** Opening Provided material block **

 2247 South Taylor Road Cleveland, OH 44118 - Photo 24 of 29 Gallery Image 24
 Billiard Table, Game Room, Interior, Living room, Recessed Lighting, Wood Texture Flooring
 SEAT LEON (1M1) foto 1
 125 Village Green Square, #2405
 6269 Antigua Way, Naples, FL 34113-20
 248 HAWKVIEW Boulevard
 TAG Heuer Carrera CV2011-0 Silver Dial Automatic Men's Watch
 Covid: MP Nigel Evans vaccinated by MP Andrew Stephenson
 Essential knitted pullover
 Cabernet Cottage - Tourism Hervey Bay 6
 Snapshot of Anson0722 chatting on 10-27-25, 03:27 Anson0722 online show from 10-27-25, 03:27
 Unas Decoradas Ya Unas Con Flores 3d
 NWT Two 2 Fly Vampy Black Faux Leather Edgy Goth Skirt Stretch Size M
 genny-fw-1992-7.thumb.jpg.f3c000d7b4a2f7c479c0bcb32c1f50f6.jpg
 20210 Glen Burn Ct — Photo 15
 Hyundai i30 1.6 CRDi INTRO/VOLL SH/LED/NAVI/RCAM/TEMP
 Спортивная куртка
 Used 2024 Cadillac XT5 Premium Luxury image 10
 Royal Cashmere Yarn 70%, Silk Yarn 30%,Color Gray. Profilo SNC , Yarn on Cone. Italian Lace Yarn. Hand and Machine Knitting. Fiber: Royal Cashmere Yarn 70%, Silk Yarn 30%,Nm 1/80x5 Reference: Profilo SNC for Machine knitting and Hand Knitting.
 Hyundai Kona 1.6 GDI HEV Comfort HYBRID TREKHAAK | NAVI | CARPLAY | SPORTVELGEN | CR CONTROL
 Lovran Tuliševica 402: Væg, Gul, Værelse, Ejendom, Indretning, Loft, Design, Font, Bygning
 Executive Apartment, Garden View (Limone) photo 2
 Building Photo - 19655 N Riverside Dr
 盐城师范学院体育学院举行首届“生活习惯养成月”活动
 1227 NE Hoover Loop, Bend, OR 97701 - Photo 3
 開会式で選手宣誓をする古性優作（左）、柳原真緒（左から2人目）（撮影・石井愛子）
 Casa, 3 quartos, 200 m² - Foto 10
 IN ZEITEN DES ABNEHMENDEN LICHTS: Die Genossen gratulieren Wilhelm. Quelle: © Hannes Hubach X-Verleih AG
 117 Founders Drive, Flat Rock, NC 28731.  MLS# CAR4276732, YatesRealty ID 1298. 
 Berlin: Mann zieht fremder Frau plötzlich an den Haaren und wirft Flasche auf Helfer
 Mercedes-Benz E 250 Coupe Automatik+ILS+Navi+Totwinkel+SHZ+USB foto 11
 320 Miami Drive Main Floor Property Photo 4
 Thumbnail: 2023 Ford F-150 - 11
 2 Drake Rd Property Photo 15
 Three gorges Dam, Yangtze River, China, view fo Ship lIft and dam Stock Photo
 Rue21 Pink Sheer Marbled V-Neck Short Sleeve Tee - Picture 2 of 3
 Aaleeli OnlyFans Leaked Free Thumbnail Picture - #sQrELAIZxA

** Closing Provided material block **

▸ Problem to solve
Working down from the line that contains "2 Drake Rd Property Photo 15", retype each line exactly through the last line of the data, and give nothing else.

▸ Exercise result
 2 Drake Rd Property Photo 15
 Three gorges Dam, Yangtze River, China, view fo Ship lIft and dam Stock Photo
 Rue21 Pink Sheer Marbled V-Neck Short Sleeve Tee - Picture 2 of 3
 Aaleeli OnlyFans Leaked Free Thumbnail Picture - #sQrELAIZxA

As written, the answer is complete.